On the shorts issue, Swan takes the long view.

"I have always felt that I wanted to be a traditional, classically dressed Bermudian, as a public figure," he said, arguing that a suit and tie project a more serious and accomplished image than do shorts and knee socks.

"In the context of Bermuda, they are seen as business attire, but in the context of the international community, they are not," he said. Swan noted that other former colonies abandoned the shorts when they became independent. "In Barbados, for example, they don't like you wearing shorts to work.

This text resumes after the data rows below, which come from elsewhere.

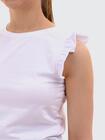 T-shirt bawełniany z falbanami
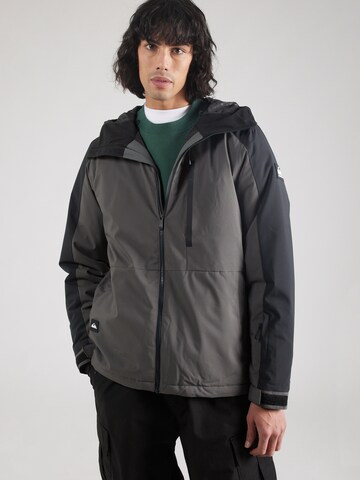 Giacca sportiva 'MISSION' di QUIKSILVER in grigio: frontale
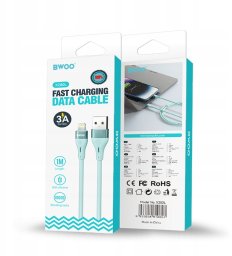 BWOO kabel USB - Lightning 1m 3A Minimalist Silicone niebieski X280L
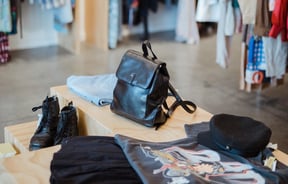 vintage handbag and clothing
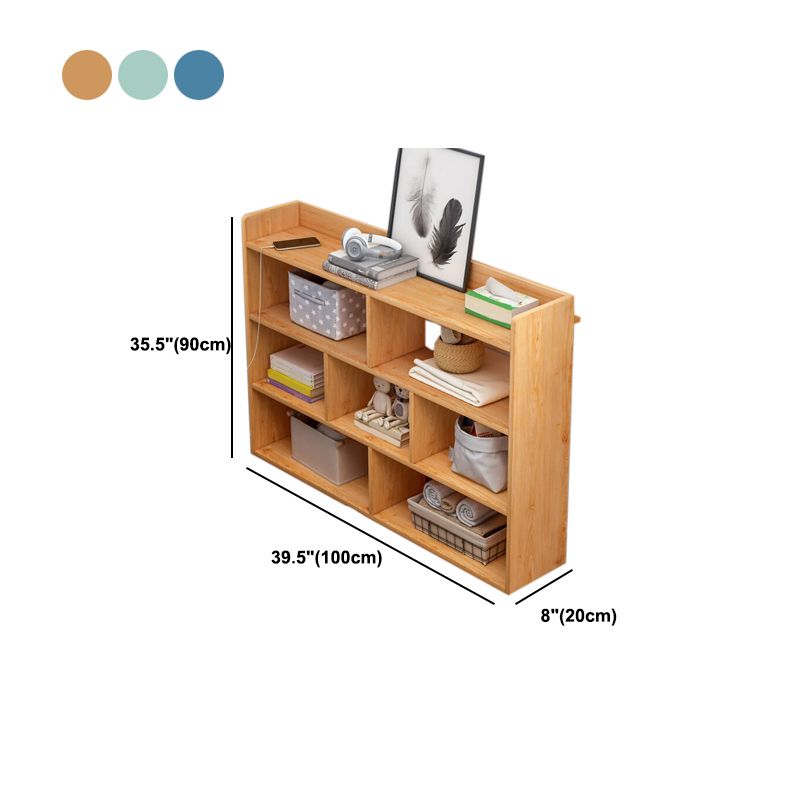 35,43 "Taltabo in legno alto tavolo da notte aperto con scaffali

They see it as a throwback to the colonial days."

The risk of being perceived as slightly comic has played a significant role in driving today's movers and shakers away from short pants.

"Bermuda shorts denote the old, traditional Bermuda," said Scott Simmons, an importer of European tile and spokesman for the ruling Progressive Labor Party. "They evoke the image of a gentlemen's club, a brandy-and-cigar-room society inclusive of the few and exclusive of the rest."

Simmons, who is black, said he eschewed the shorts because they had "a tendency to appear too relaxed."

Other young black businessmen and politicians regard the attire as a vestige of a less egalitarian age.

"They're identified with a certain lifestyle, mostly older men in the business community," said Desmond Richardson, a 37-year-old building contractor who said he hasn't worn the shorts since elementary school, when they were part of the uniform.

Fashion might be fleeting, but some people mourn the demise of a style of dress with which the island has long been equated.

"You won't find any young men in Bermuda shorts, although I wish they would wear them instead of these baggy pants hanging on them nowadays," said Ruth Thomas, the island's former cultural affairs official. "Bermuda shorts have a certain dignity, but they must be worn in a special way, and Americans have turned them into casual attire now."

Thomas Jones, a taxi dispatcher in Hamilton, Bermuda, has no intention of giving up his well-matched ensemble.